The Great Leftfielders
I watched Barry Bonds hit his 600th homerun last night on television. The homerun itself was impressive, an arcing line-drive, charged as any thunderbolt. Watching Bonds over the last couple of seasons has been truly compelling; here is someone who has found his gift, his connection to the source of things, and has learned how to inhabit that connection nearly every time he puts his hands on a bat.
It’s been said again and again that hitting a pitched baseball is one of the most difficult (if not THE most difficult) athletic feats of all. Given how many different ways a ball can be thrown, and at how many speeds, the task takes on a greater degree of difficulty. The angle of release, how early in his motion the pitcher reveals the ball, the deceptiveness of arm-speed, the way certain pitches look alike until after the swing has begun. And, of course, the fact that the ball may be thrown at a velocity exceeding 100 m.p.h. The batter can add to the difficulty by being too attentive to the pressure of a given situation, by trying to think too much.
Yet numerous times Bonds has spoken of being able to identify each pitch as it leaves the pitcher’s hand, and to recognize, at the same time, what its location will be as it reaches the plate. And, he’s able to react instantly, even when the pitch is in that 100 m.p.h. range (traveling a mere 60 ft., 6″), and to uncoil that lightning swing so that the ball and the fat part of the bat meet in space, and the trajectory of the pitch is altered, as though the ball had been launched from a cannon, out over the upturned faces of the defensive players, out over the pretty green turf, never to return to the field of play, out over the astonished throngs, mouths agape, hands outstretched reaching for this magic-struck sphere.
See the ball, hit the ball. He’s become so good at it that they don’t pitch to him much anymore; today he passed the record, set in 1969, by Willie McCovey, for intentional walks in a season. He’s been pitched around so much this season that he’s walked 130 times, in only 116 games.

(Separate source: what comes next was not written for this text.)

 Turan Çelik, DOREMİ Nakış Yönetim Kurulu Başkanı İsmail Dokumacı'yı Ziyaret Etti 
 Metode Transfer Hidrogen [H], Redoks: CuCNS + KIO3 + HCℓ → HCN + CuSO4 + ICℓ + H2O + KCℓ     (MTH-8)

Another leftfielder, Rickey Henderson, owns some serious records, too. Most homeruns leading off a game. Most runs scored. Stolen bases, of course. And, this year, most walks. Left field seems to be the position of moment these days. One of the most storied of all, Ted Williams, came back into the limelight recently, when he died. Whenever the discussion, among baseball nuts, turns to the greatest hitter of all time, Williams quickly occupies the lion’s share of verbiage. But when the question has suddenly become “who is the greatest leftfielder of all-time?” there are numerous candidates, and the debate doesn’t seem to be so easily won. There is a list, now, though, of the great leftfielders. I can’t remember all the names on it. Stargell, Yastrzemski, Musial, Manush (that’s right!).

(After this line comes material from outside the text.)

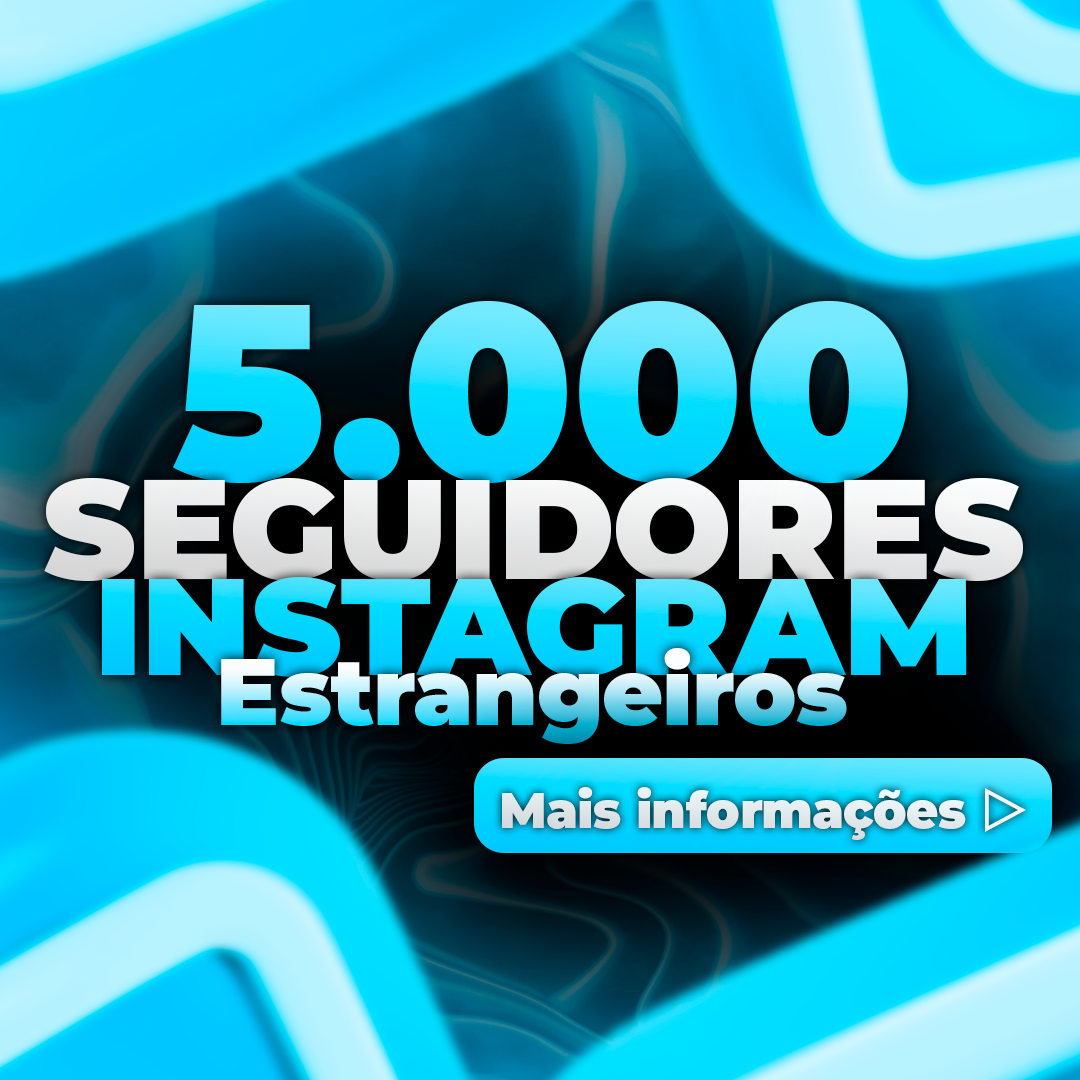 5000 Seguidores Mundiais (INSTAGRAM)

Can you tell I’ve been on vacation? Cornelia and I spent a little over a week in a cottage in the hills some 20 miles west of Paso Robles. Reading, sleeping, hiking, bicycling, hanging out. I played my guitar a lot. And I spent some time with a couple of wine business friends who also happen to be musicians, and really good guitar players.
They came to participate in an unusual event, a kind of bootleg concert. Remember, when the first bootleg albums surfaced, in the 60’s and 70’s? Recordings of the likes of Dylan, and the Beatles that had been surreptitiously spirited out of the record companies’ hands, and into the shadowy avenues of underground commerce? Nobody wanted too much to be known about the appearance of such recordings.
Out of some remnant of that same spirit was born “LIVE AT VILLA CREEK!” It took place August 4th, as the last diners of the evening were placing their orders for chipotle chicken and margaritas. Jim Fiolek, Don Heistuman, and I had slipped in quietly at quarter past 6, and sat, quite innocently and inconspicuously having supper, along with Cornelia, and Jim’s wife, Carmen. Nobody suspected anything. Then, at around 8:30 Bill Gaines showed up, and started rolling in his gear, into the rear area of the dining room. Mikes, speakers, cords, soundboard, etc. Only a handful of diners remained.
One of them left briefly, and when he returned, after we’d begun to play, he had a videocam, and he shot a lot of footage. Nobody had any idea who he was. (I hope we weren’t being bad, or anything.)
We were playing six or seven new songs of mine that I’d been wanting to record, plus a couple of Don’s originals, and a couple of things that could only have sprung from the astounding cerebral domaine of Jim Fiolek. We’d spent most of Saturday and Sunday playing together (and eating and drinking), and we tried to think of something to call ourselves. Our approach, as you may have come to understand, is somewhat unorthodox. Some might say it’s straight out of left field. Then, it hit me, like a bolt out of the blue! “I’ve got it!,” I cried; “we’re the great leftfielders!” (Think about it — what other team has three leftfielders?)
I’d hoped, originally, to have played all this stuff live at Hospice du Rhône, back in early June; they’d even asked us to play — but that Saturday evening at HdR gathered its own delirious momentum in a different direction, and we never got to the stage. We ended up on the patio at Villa Creek that evening, playing for Pilsener Urquell, and for the devoted attention of nearly a dozen enthusiastic souls.
Somehow we managed to convince ourselves, and to enlist the cooperation of Cris Cherry (owner of Villa Creek), to create a live recording at Villa Creek during the time Cornelia and I were in the same area on vacation, two months after the Hospice du Rhône event.
After we’d been playing for most of 40 minutes, Bill, the sound engineer, noticed that the kitchen noise had stopped, and how much better everything sounded when that happened. So we did a bunch of the songs over. One of them, “Red, Red Rose,” really rocked the second time we did it. In my monitor, at least, everything sounded pretty good. We, of course, ignored the kitchen noise. At the end of the evening the audience was Cornelia, Carmen, and Bill.
Now, I’ve got nearly two hours on ADATs to listen to, mix down, and sort out. Who knows, maybe there’s a diamond in all that kitchen noise?